Spectroscopy is increasingly utilized in chocolate manufacturing for quality control (QC), thanks to its ability to assess the composition of chocolate, providing a «fingerprint» spectrum that reveals its chemical details. Specifically, Raman can be used in QC to distinguish between types of chocolate, detect adulteration, measure crystallization and texture, and monitor the manufacturing process. 

This Application Note outlines techniques for effectively collecting Raman spectra from various chocolates, providing a foundation for quality assessment and adulteration detection.

METHOD 

Raman data collection with an i-Raman NxG 1064 laboratory Raman system (Figure 2) was optimized by adjusting integration time and laser power (Table 3) to determine the best conditions to maximize signal strength and minimize risk of sample melting.

All chocolate samples were analyzed by placing a piece of chocolate on the stage with a Raman probe securely locked above the sample (Figure 3). The optimal working distance was determined by adjusting the probe’s z-axis position while continuously monitoring the intensity of the Raman signal. Once the optimal focal distance is found, a distance regulator helps the operator position the probe on the sample to ensure consistent and reliable measurement.

CONCLUSION

This study highlights the capability of Raman spectroscopy for rapid, nondestructive measurements of chocolate quality indicators. PLS models demonstrate high predictive accuracy for both cocoarelated materials and sugar content. Increasing the number of samples and testing a broader range of chocolates would further improve the robustness and accuracy of the model. Overall, Raman spectroscopy, combined with chemometric modeling, offers a reliable QC method for routine and real-time chocolate analysis.

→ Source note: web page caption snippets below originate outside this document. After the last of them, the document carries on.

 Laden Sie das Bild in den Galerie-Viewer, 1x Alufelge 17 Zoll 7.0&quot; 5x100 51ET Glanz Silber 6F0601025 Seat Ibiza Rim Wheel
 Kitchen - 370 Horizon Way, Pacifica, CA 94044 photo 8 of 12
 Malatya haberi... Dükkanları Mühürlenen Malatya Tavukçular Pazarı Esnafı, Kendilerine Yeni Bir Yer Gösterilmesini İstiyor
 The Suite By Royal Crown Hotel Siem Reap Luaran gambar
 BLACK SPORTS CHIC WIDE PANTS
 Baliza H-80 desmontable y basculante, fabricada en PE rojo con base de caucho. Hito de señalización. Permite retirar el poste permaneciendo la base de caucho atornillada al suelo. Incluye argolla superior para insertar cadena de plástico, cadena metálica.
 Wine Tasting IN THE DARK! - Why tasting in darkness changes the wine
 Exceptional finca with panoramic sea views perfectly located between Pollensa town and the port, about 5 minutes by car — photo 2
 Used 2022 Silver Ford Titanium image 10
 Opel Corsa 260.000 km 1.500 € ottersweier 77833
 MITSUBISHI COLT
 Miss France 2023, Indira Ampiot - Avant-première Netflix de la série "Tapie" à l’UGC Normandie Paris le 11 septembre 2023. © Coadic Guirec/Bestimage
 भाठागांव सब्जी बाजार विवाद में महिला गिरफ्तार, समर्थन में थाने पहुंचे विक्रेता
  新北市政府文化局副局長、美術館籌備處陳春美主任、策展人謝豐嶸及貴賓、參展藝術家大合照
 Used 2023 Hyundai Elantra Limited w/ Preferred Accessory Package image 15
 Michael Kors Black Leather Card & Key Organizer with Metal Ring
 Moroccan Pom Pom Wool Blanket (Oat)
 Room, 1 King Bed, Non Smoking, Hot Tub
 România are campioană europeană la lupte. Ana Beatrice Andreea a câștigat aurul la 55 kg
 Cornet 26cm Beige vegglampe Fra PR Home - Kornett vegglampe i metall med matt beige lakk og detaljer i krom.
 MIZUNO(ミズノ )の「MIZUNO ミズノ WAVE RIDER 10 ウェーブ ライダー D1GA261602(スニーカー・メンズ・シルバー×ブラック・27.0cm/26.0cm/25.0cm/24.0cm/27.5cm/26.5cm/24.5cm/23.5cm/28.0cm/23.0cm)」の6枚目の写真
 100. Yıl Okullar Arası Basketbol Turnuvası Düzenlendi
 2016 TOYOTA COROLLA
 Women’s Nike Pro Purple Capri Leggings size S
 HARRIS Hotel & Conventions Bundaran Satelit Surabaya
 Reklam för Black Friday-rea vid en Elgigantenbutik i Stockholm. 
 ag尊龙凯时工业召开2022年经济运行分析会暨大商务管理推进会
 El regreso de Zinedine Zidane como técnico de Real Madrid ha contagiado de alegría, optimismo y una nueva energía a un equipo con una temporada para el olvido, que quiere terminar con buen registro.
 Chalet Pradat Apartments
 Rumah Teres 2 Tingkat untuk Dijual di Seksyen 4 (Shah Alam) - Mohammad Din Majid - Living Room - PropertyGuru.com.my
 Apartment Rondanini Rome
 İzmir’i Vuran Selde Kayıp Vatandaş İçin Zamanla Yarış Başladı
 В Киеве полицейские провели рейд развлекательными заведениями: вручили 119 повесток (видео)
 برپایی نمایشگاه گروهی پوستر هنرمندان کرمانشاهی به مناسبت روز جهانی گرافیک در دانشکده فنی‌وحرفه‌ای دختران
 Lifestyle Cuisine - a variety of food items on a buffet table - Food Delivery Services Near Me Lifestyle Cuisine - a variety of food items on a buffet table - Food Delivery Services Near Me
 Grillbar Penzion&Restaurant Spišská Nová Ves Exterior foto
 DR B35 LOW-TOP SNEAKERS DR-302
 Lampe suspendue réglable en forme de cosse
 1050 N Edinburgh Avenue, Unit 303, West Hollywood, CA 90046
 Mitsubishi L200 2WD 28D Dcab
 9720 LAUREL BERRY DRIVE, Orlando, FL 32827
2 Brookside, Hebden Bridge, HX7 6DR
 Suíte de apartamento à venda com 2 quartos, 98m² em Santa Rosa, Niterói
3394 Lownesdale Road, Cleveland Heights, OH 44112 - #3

4. Shimadzu: Analysis of Acetaldehyde and Limonene in Recycled PET Using an HS-GCMS System (Carrier Gas: H2)

• Application note
• Full PDF for download

User Benefits

• The gas released from the polymer can be easily measured without dissolving the polymer in a solvent, by using a headspace sampler (HS). 
• Using an HS-GC/MS system enables qualitative and quantitative analysis of target components in samples with a large number of contaminants that make it difficult to differentiate the targets from other components. 
• Analysis costs can be reduced by using hydrogen as a carrier gas, which is more affordable and readily available than helium

Plastic is lightweight, strong, waterproof, and very convenient, making it an essential part of our modern lives. On the other hand, because it is a major contributor to environmental issues, such as ocean pollution and global warming, measures to reduce plastic usage are being undertaken in countries around the world. 1) 

In Japan, the Plastic Resource Circulation Promotion Act2) came into effect in April 2022. The act does not regulate plastic but rather promotes the establishment of a sustainable circular economy by encouraging collaboration among businesses, local governments, and consumers throughout the overall process of designing, manufacturing, selling, collecting, and recycling plastic products. 

One of these initiatives is the recycling of PET bottles for beverage use. When recycling beverage bottles, residual odors can be an issue, with substances like acetaldehyde from water bottles and limonene from citrus beverages known to persist in the containers. To address these residual substances, recycling companies are implementing unique strategies, one of which involves using gas chromatography-mass spectrometry (GC-MS) to quantify the residual materials. In this article, we present an example of qualitative and quantitative analysis of aldehydes and limonene in PET bottles using the GCMS-QP2020 NX/HS-20 NX, with hydrogen (H2) as the carrier gas.

Conclusion

By using hydrogen (H2) gas as the carrier gas, we were able to avoid the use of the hard-to-obtain helium gas. Additionally, by employing an HS-GC-MS system, we could qualitatively and quantitatively analyze acetaldehyde and limonene from PET without the need for cumbersome pretreatment.